Malicious software goes by many names: Spyware, worms, viruses, Trojans, Adware, keystroke loggers, pests, and more. "Spyware" often is used to mean all malicious software other than viruses. I prefer the term "malware" as it's a bit more descriptive.
The symptoms of a malware infection vary.
- Your web browsing speed may be slow. Your computer, in general, may be slower that it was and may take much longer to start up than it used to.
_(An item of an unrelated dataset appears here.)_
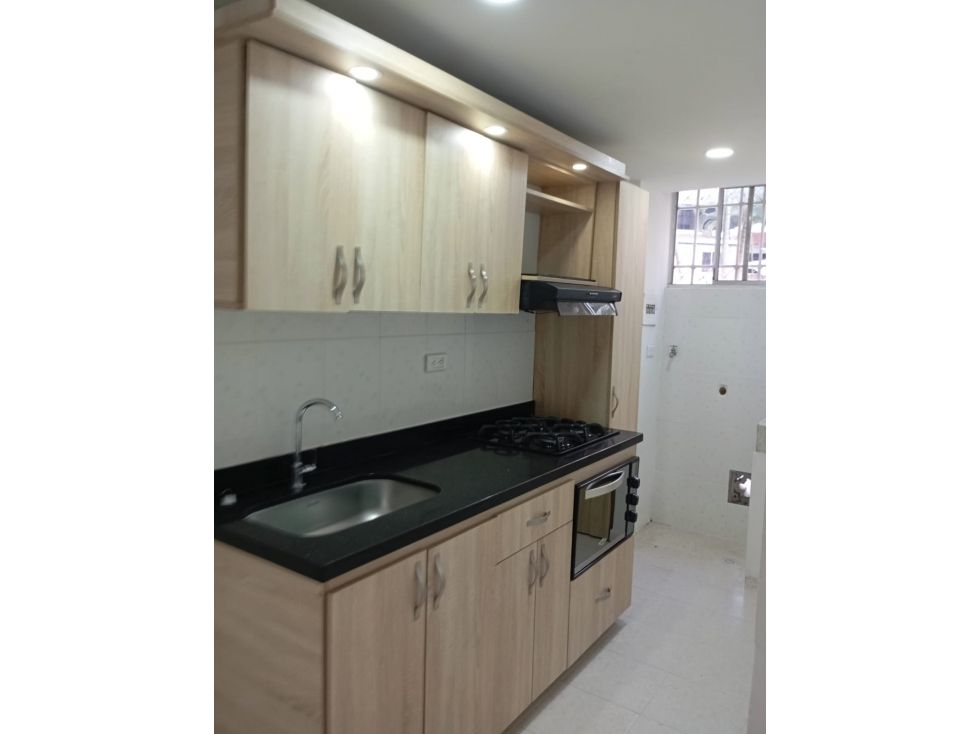 Apartamento en venta Antioquia Envigado Primavera 64 m2 Habitaciones 3 Baños 2 Garajes 1 Precio $460000000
- It is likely Internet Explorer is modified. You homepage and/or search page may be changed, new favorites that you didn't create may appear, a new toolbar may appear or you may end up at unknown web sites when you try to do a search.
- To prevent you from undoing the browser modifications made by a malware program, some of them remove or disable the Internet Options from the Tools Menu and from the Control Panel. If you try to reset your home page and can't, it's likely due to malware. If you can't get to anti-virus or security web sites, but can get to other web sites, it's likely due to malware.
- Adware will bombard you with pop-up ads. More malicious programs serve up a constant barrage of ads for pornographic web sites. That's on top of the pop-ups from the web sites you're viewing. If you see pop-up ads even when you are offline, it's due to malware.
- Actual Spyware (as opposed to other malware) has to phone home to report what it found. If your firewall provides outbound protection you may see the 'phone call' and be able to stop it.
- Malicious software may also shut down or disable your anti-virus program or your firewall program. It may prevent the normal activity of your anti-Spyware software. It may prevent you from accessing Task Manager or msconfig or regedit.
- Adware programs may create new icons on the Windows desktop, task bar, or system tray. They may also create popup windows that you are unable to close. If your computer mysteriously dials the phone on its own, it may be infected with a porn dialing program.
Depending on the circumstances, the correct approach might be to wipe the hard disk clean and re-install or recover Windows. A clean install is the only 100% guaranteed way to return the computer to a fully functioning state. If the computer is used for anything judged to be important, a clean install is probably called for. Likewise, it it's used for home banking a clean install may be the best approach. Also, a clean install takes only so much time. The procedure described below can drag on and on ...
The two big downsides to a clean install are losing the installed applications and all user data files. Trying to backup data files before wiping the hard disk clean is an accident waiting to happen, you're bound to overlook some.
A rootkit is a collection of tools (programs) that enable administrator-level access to a computer or computer network. Typically, a hacker installs a rootkit on a computer after first obtaining user-level access, either by exploiting a known vulnerability or cracking a password. Once the rootkit is installed, it allows the attacker to mask intrusion and gain root or privileged access to the computer and, possibly, other machines on the network.
A rootkit will hook into Windows itself and hide itself from the operating system. This make them particularly difficult to remove while Windows is running.
Once the malware has been removed, there is the matter of damage control. The ability to change settings, go to Internet sites, etc. may have been changed by the malware.